Records drawn from a dataset:
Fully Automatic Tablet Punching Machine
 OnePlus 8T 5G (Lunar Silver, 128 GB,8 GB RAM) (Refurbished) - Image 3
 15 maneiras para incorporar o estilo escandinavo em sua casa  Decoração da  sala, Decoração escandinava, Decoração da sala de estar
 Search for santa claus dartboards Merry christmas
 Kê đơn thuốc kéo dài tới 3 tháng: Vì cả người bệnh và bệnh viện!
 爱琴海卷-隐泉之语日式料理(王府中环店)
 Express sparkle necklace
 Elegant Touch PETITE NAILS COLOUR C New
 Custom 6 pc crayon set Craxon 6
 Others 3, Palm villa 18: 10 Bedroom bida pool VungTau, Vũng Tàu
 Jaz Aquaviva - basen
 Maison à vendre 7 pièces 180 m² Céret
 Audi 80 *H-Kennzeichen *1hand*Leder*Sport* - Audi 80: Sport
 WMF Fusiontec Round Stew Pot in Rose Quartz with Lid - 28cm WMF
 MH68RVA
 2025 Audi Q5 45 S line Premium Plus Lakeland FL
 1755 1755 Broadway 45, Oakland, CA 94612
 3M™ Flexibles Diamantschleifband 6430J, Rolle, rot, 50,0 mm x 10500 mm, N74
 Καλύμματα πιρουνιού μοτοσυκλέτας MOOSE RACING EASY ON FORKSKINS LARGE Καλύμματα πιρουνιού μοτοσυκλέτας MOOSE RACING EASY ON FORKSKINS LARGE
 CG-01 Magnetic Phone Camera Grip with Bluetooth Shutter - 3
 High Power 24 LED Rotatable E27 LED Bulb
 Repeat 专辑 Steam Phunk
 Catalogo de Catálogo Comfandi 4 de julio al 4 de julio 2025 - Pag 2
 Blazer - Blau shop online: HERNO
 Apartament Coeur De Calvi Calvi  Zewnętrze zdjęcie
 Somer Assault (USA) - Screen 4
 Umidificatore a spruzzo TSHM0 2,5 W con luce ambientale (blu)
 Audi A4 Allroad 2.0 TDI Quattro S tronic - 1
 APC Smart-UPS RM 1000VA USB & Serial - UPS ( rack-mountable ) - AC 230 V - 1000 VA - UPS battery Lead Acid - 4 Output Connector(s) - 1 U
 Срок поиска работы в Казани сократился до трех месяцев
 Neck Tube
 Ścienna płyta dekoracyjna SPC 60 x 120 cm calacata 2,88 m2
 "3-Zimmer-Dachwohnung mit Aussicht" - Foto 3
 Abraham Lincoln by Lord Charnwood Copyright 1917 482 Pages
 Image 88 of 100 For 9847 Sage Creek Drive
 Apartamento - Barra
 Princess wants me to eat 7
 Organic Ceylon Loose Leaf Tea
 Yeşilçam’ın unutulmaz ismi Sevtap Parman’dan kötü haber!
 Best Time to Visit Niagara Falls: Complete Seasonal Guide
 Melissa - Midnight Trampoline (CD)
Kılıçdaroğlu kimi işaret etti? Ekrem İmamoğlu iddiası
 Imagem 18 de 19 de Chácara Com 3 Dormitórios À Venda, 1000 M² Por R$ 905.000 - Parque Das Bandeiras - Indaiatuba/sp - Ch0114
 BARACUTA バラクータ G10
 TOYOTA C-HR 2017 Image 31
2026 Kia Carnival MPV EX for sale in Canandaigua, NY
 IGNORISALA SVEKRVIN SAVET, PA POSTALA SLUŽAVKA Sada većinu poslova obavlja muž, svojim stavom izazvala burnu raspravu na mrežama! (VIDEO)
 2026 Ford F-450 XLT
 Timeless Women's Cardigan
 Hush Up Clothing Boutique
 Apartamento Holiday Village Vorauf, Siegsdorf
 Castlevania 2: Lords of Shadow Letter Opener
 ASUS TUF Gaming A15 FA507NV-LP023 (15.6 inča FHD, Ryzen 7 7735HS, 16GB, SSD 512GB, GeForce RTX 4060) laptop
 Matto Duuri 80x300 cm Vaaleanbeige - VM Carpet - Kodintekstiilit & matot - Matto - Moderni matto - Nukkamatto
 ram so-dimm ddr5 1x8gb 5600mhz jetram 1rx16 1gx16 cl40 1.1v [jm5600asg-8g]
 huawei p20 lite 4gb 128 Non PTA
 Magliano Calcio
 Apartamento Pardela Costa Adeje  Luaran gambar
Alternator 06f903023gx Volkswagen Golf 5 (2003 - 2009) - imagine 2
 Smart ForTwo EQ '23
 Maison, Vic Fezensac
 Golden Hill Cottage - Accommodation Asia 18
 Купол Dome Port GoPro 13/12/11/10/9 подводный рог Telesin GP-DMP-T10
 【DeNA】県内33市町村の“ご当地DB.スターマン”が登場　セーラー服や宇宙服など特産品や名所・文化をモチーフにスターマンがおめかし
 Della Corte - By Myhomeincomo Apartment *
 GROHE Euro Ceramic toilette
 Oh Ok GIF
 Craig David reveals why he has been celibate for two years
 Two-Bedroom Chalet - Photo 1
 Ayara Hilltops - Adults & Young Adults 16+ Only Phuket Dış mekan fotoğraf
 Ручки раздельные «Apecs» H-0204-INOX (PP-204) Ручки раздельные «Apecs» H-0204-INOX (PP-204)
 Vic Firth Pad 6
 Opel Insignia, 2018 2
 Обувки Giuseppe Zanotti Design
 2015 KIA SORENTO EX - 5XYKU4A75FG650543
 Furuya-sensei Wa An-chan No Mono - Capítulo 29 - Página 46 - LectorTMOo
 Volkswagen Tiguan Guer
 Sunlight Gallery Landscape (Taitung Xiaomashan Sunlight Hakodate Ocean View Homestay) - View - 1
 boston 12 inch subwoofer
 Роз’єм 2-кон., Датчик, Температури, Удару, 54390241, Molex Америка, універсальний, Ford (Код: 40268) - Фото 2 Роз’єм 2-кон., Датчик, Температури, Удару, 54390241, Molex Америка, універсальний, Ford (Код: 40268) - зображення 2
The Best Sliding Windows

PROBLEM TO WORK ON: Copy the lines of the data above exactly as written, beginning with the line containing "Купол Dome Port" and ending with the line containing "Volkswagen Tiguan Guer", and leave out all other lines.

ANSWER TO THIS TASK:
 Купол Dome Port GoPro 13/12/11/10/9 подводный рог Telesin GP-DMP-T10
 【DeNA】県内33市町村の“ご当地DB.スターマン”が登場　セーラー服や宇宙服など特産品や名所・文化をモチーフにスターマンがおめかし
 Della Corte - By Myhomeincomo Apartment *
 GROHE Euro Ceramic toilette
 Oh Ok GIF
 Craig David reveals why he has been celibate for two years
 Two-Bedroom Chalet - Photo 1
 Ayara Hilltops - Adults & Young Adults 16+ Only Phuket Dış mekan fotoğraf
 Ручки раздельные «Apecs» H-0204-INOX (PP-204) Ручки раздельные «Apecs» H-0204-INOX (PP-204)
 Vic Firth Pad 6
 Opel Insignia, 2018 2
 Обувки Giuseppe Zanotti Design
 2015 KIA SORENTO EX - 5XYKU4A75FG650543
 Furuya-sensei Wa An-chan No Mono - Capítulo 29 - Página 46 - LectorTMOo
 Volkswagen Tiguan Guer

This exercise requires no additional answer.